Above: Pete Gallego, Peter Flores

The defining attribute of Trump era special elections has been tectonic shifts from red to blue, fueled by highly energized voters. Democrats have flipped more than 20 legislative seats since Trump’s election, many of them in deep-red districts in states such as Wisconsin, Missouri and Oklahoma. Before Tuesday, Republicans had only flipped three seats.

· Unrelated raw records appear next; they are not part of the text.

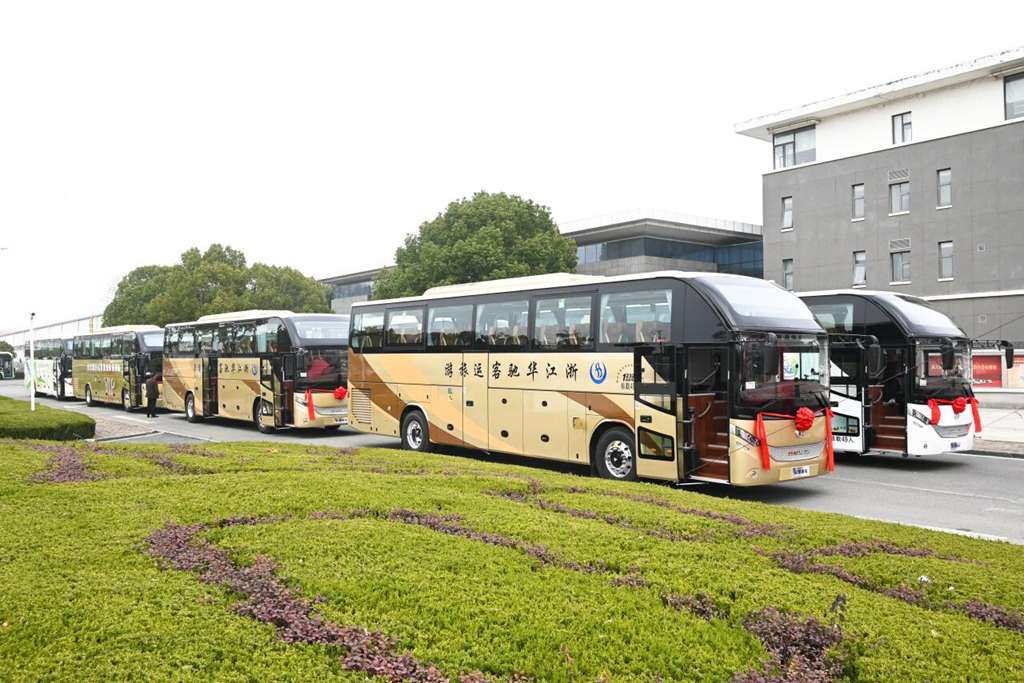 春色映新程,安凯N12助力杭州旅游再升级 - 第3张 - 提加商用车网 春色映新程,安凯N12助力杭州旅游再升级 - 第3张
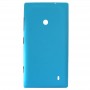 Couvercle de boîtier en plastique pour Nokia Lumia 520 (bleu)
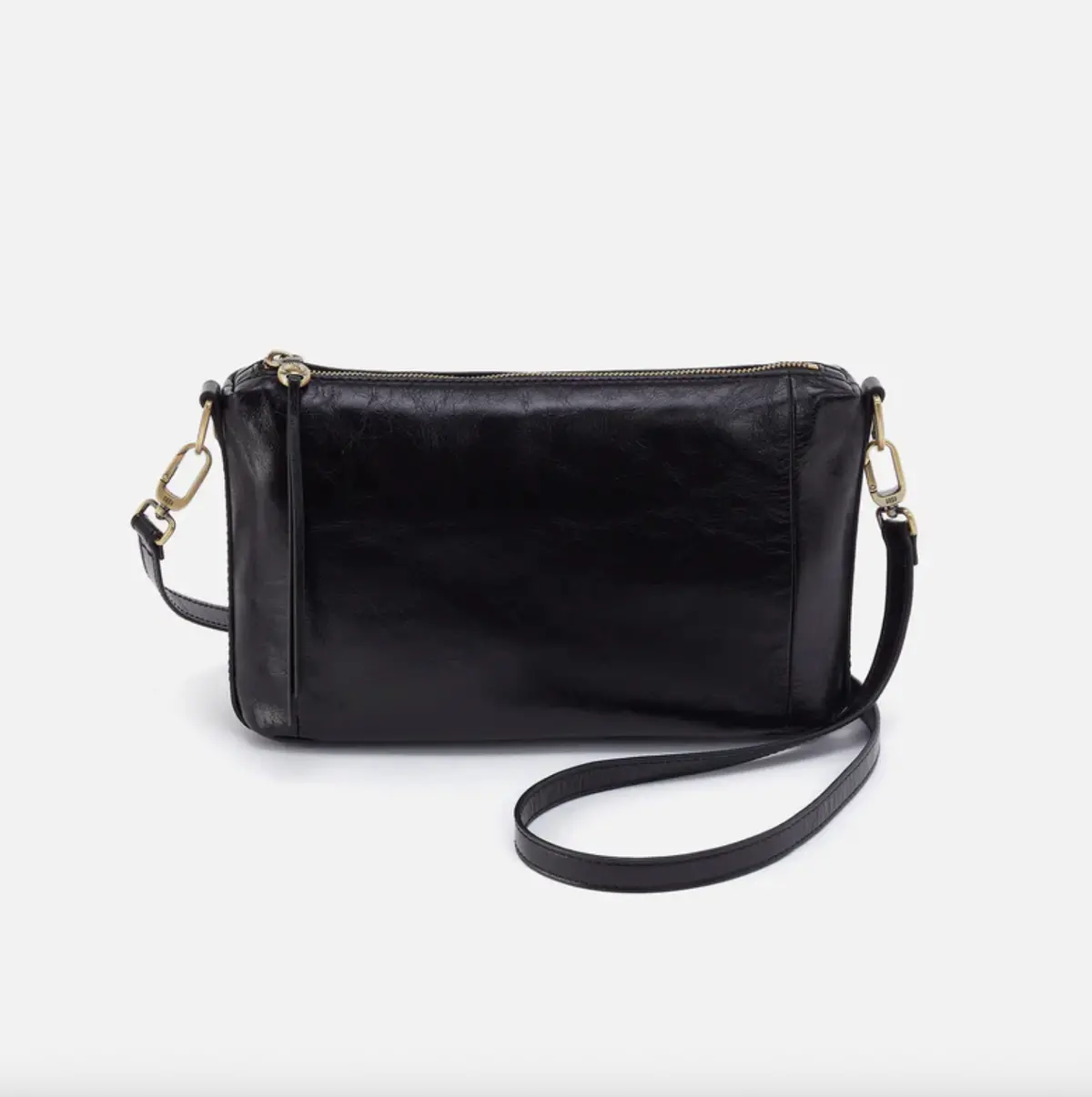 Darcy Carry-All Crossbody | Polished Leather 1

Texas Republicans added one more to that list on Tuesday night.

Senate District 19
Senate District 19  Source/Texas Legislative Council

In a stunning upset, former one-term West Texas Congressman Pete Gallego lost the special election runoff for the Democratic-leaning state Senate District 19 to his Republican challenger Pete Flores, 53 to 47 percent. Flores, who takes over until the term expires in 2021, will become the first Hispanic Republican ever elected to the Texas Senate. The taking of another GOP senate seat makes it even harder for Democrats to break up Lieutenant Governor Dan Patrick’s supermajority in November.

Squandering what should have been an easy win, Gallego and the party let a heavily Hispanic district centered in San Antonio and stretching along the U.S.-Mexico border — one that went Democratic by 16 percentage points in 2016 — fall into Republican control for the first time in 139 years.

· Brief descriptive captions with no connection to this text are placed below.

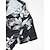 cheap Men&#039;s Camp Shirts-Men&#039;s Shirt Camp Collar Shirt Graphic Shirt Aloha Shirt Floral Turndown Black White Yellow Blue Purple Print Outdoor Street Short Sleeve Button-Down Clothing Apparel Fashion Designer Casual Breathable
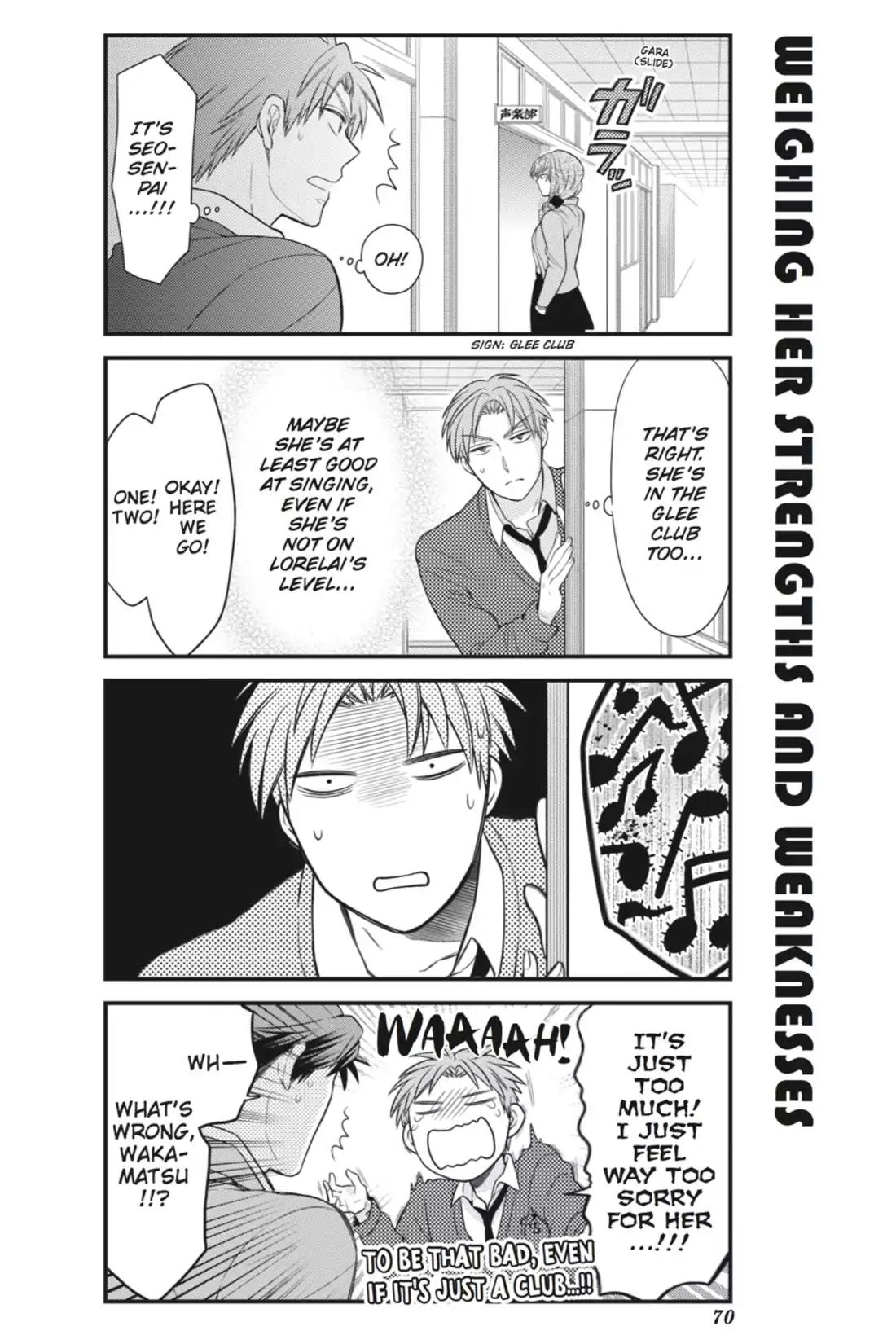 Gekkan Shoujo Nozaki-kun Chapter 25 page 12 - Chapter 25: Vol.3 Issue 25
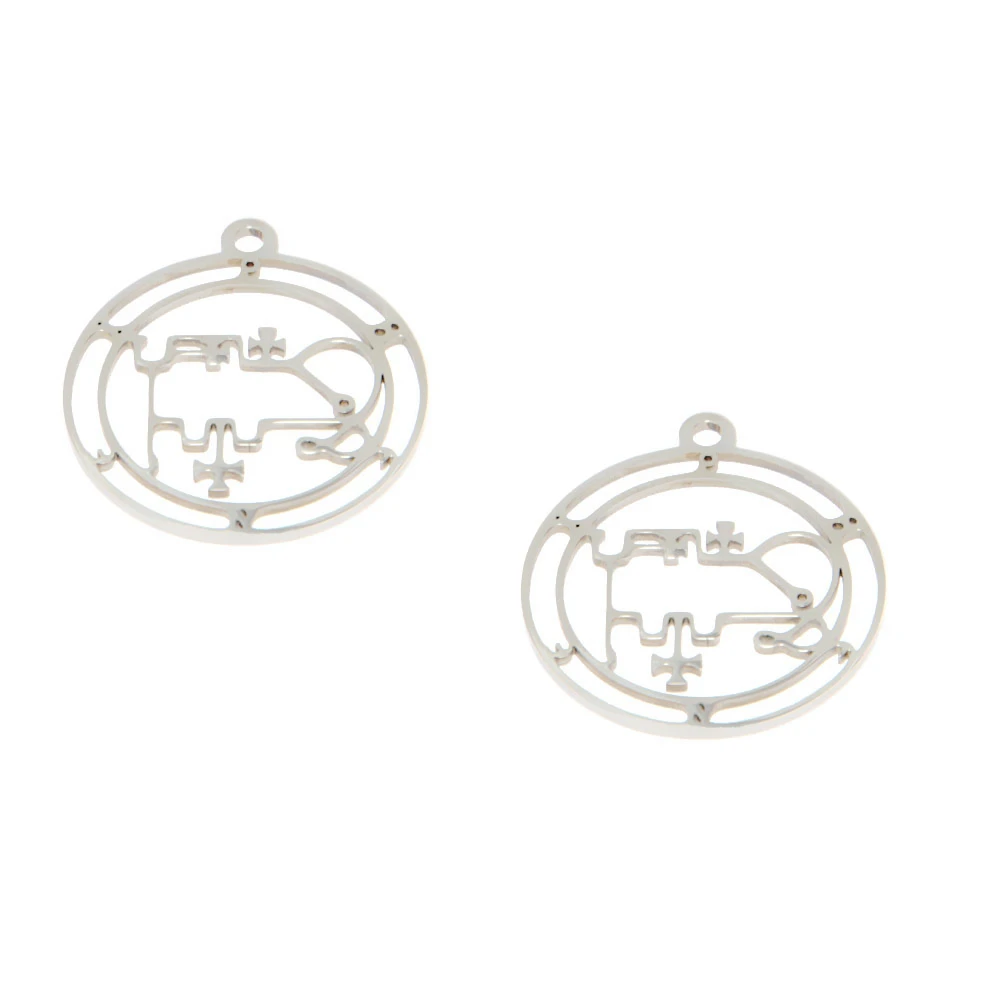 5pcs/lot Phenex Symbol charm Ars Goetia king sigil Lesser Key of Solomon Seal kabbalah Goetia seal ritual pendant 25mm 
5pcs/lot Phenex Symbol charm Ars Goetia king sigil Lesser Key of Solomon Seal kabbalah Goetia seal ritual pendant 25mm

The loss — in one of the most favorable political environments for Democrats in modern politics — further exposes the ramifications of a weak state party infrastructure in which local fiefdoms and stale politicians reign supreme. It also further highlights the party’s crippling inability to get Hispanic voters to consistently turn out.

Of course, it’s important to note that the only reason there was a special election in the first place is that longtime state Senator Carlos Uresti — an emblem of public corruption in Texas — resigned from his seat after being convicted on several counts of fraud and money laundering. (He’s facing more felony charges, still.)

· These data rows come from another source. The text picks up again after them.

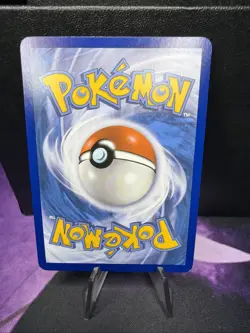 Pokemon TCG Blastoise EX XY122 Full Art Holo Black Star Promo - Image 2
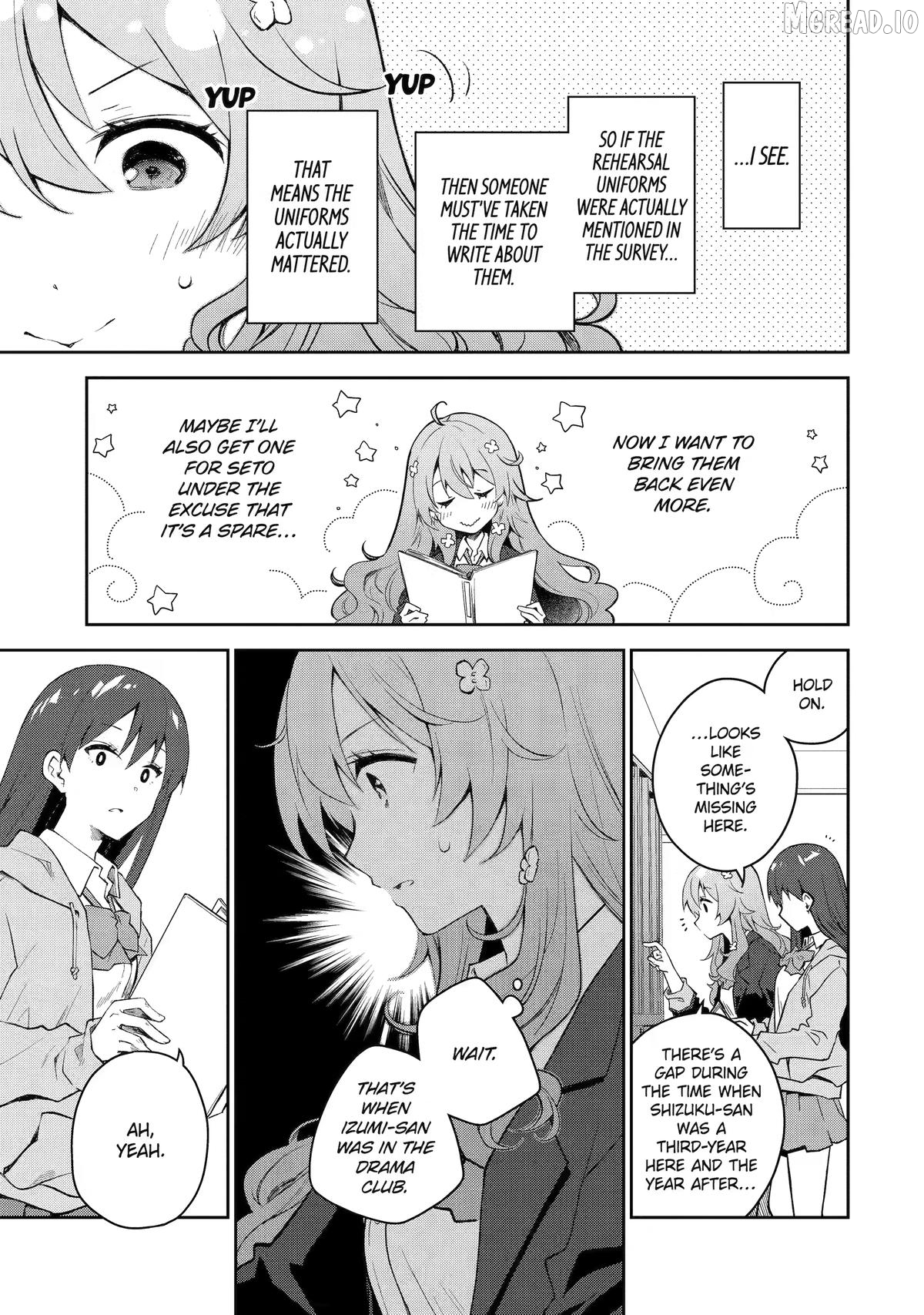 Deisui Kanojo Chapter 36 - page 9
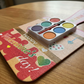Mini-Malset für Kinder (Leinwand & Staffelei)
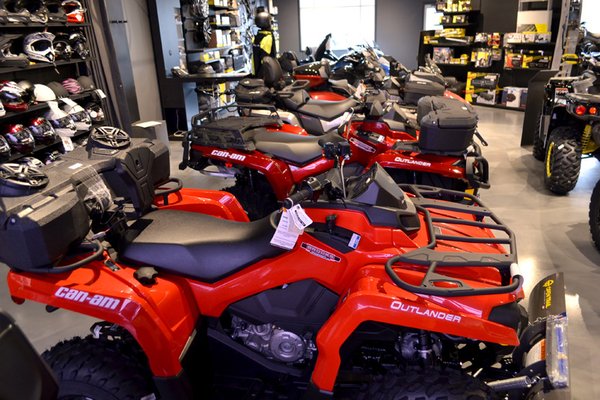 Brooks PowerSports has a great selection of Can-Am ATVs.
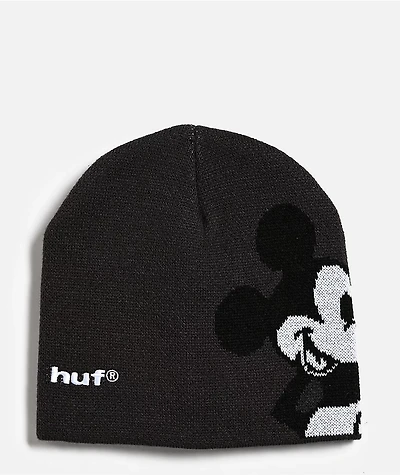 Disney x HUF Mickey Mouse Charcoal Skully Beanie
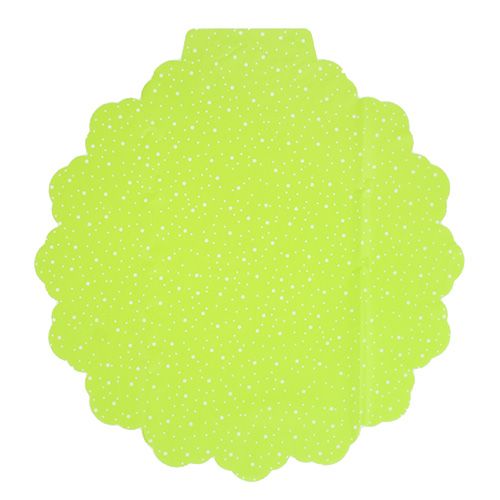 Floristik24 Brazalete de flores Ø48cm verde 50 piezas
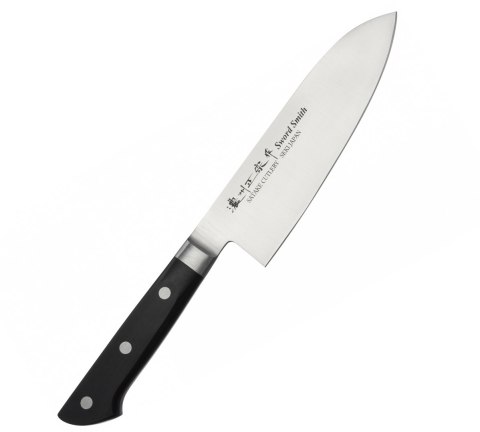 Satake Satoru Nóż Santoku 17 cm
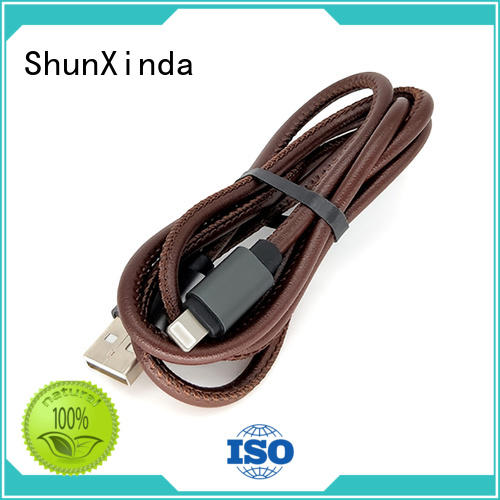 ShunXinda Latest lightning usb cable factory for home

Carlos Uresti.  Sam DeGrave

And yet Texas Democratic Party Chair Gilberto Hinojosa sent out a statement Wednesday casting the blame on Governor Greg Abbott for setting the runoff for a date that would ensure low voter turnout. “Governor Abbott stole an election, plain and simple,” Hinojosa said.

Even though Abbott played political games with the election dates, the signs of a potential upset were there from the beginning. An ugly power struggle among a handful of Democrats trying to jump to higher office culminated in Flores actually winning the special election primary. Meanwhile, the Uresti scandal loomed over Democrats and the embattled San Antonio party apparatus has long struggled to turn out Hispanic voters in off-year elections, to say nothing of low-profile special elections.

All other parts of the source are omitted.